Cerisy is a village 10 kilometres south-west of Albert. From Albert take the D42 in the direction of Morlancourt and Moreuil. After passing Morlancourt you arrive at Sailly-Laurette. Continue until reaching a crossroads where you turn left onto the D71 in the direction of Cerisy. Continue on the D71 until you approach a group of bungalows on your left. Turn left at the end of this group of bungalows when you will then approach Cerisy-Gailly Military Cemetery.

Historical Information

Gailly was the site of the 39th and 13th Casualty Clearing Stations during the early part of 1917, and of the 41st Stationary Hospital from May 1917, to March 1918; the villages were then captured by the enemy, but they were retaken by the Australian Corps in August 1918.

Cerisy-Gailly Military Cemetery (originally called the New French Military Cemetery) was begun in February 1917, and used by medical units until March 1918, and after the recapture of the village it was used by Australian units.

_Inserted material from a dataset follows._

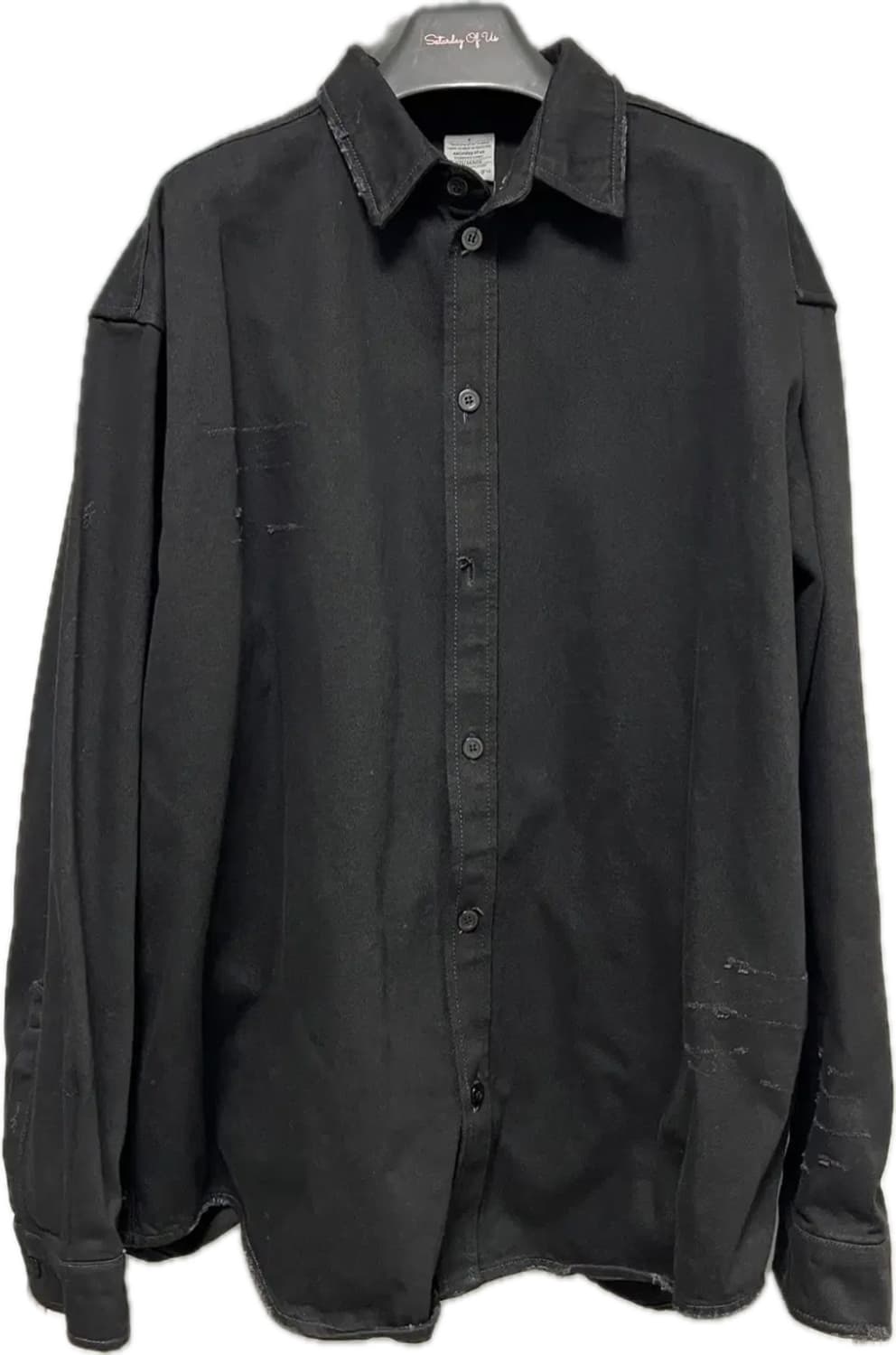 [M] STU 23FW Denim Shirts Black 상품이미지2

It was increased after the Armistice by the concentration of graves from Maricourt Military Cemetery, Ste Helene British Cemetery, Beaufort British Cemetery and Buigny-les-Gamaches Communal Cemetery and from the battlefields of the Somme, while 158 French and 35 German graves were removed to other burial grounds.

There are now nearly 750, 1914-18 war casualties commemorated in this site. Of these, over 100 are unidentified and special memorials are erected to record the names of five soldiers from the United Kingdom, buried at Maricourt and Ste. Helene, whose graves could not be found.

The Military Cemetery covers an area of 2 747 square metres and is enclosed by a rubble wall.